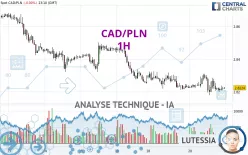 CAD/PLN - 1H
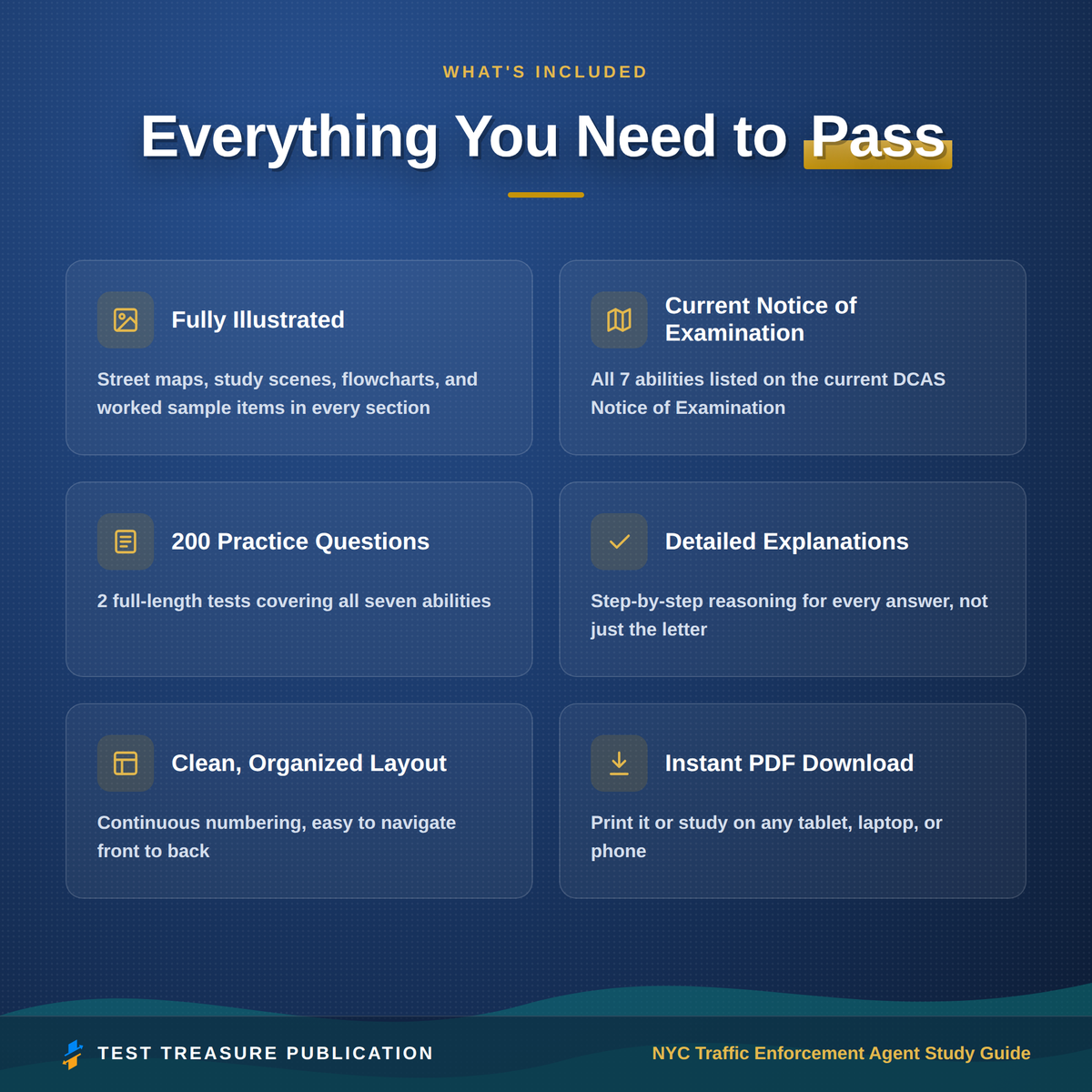 NYC Traffic Enforcement Agent Study Guide 2026–2027 | 200 Practice Questions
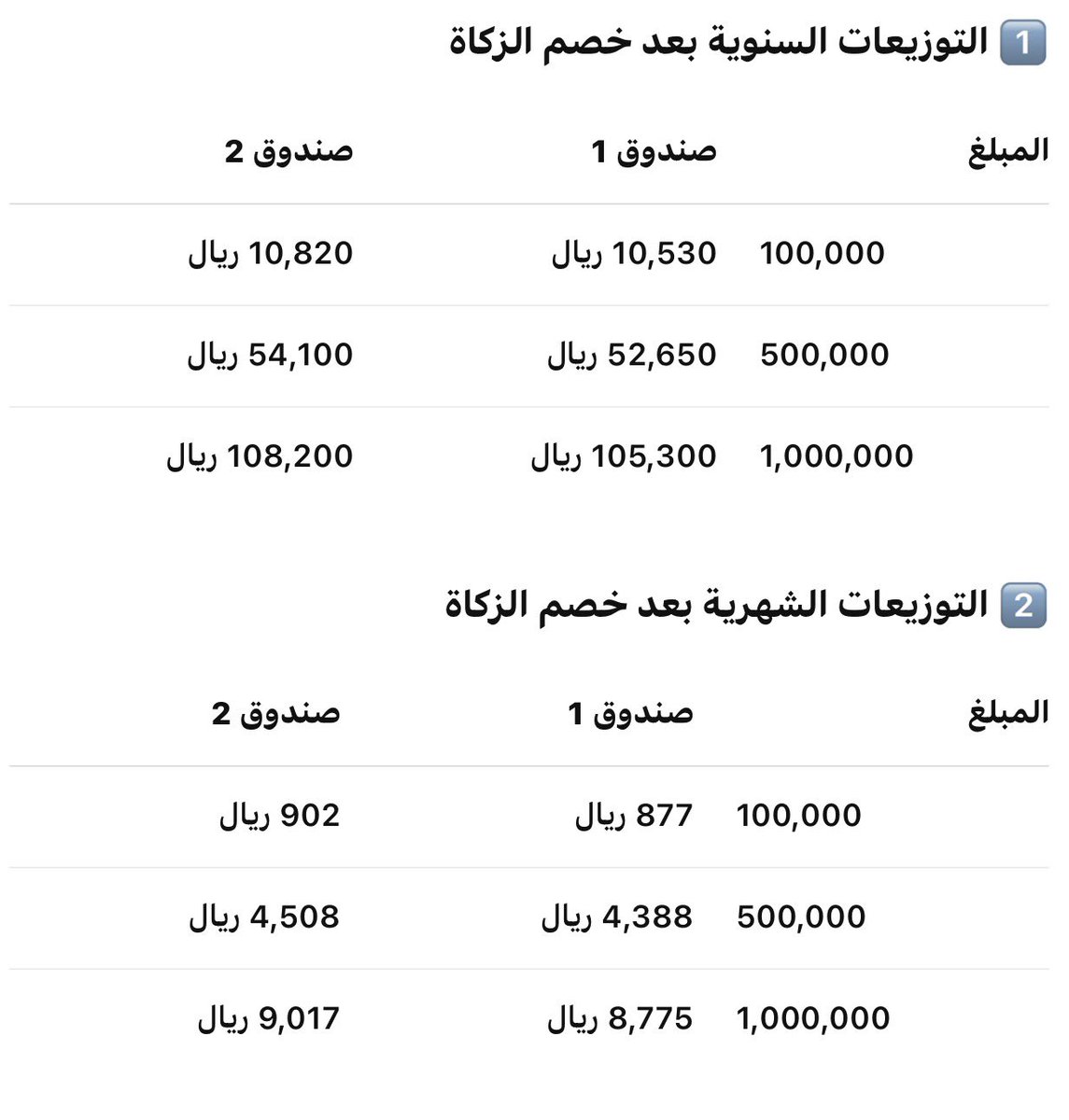 📊 توزيعات صناديق الراجحي للتوزيعات الشهريه  2024 بعد خصم الزكاة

━━━━━━━━━━━━━━━━━━━━

- **WHAT IS EXPECTED**
Only the text of the listing above should be copied, exactly and with pictures left out.

- **RESULT OF THE TASK**
 CAD/PLN - 1H
 NYC Traffic Enforcement Agent Study Guide 2026–2027 | 200 Practice Questions
 📊 توزيعات صناديق الراجحي للتوزيعات الشهريه  2024 بعد خصم الزكاة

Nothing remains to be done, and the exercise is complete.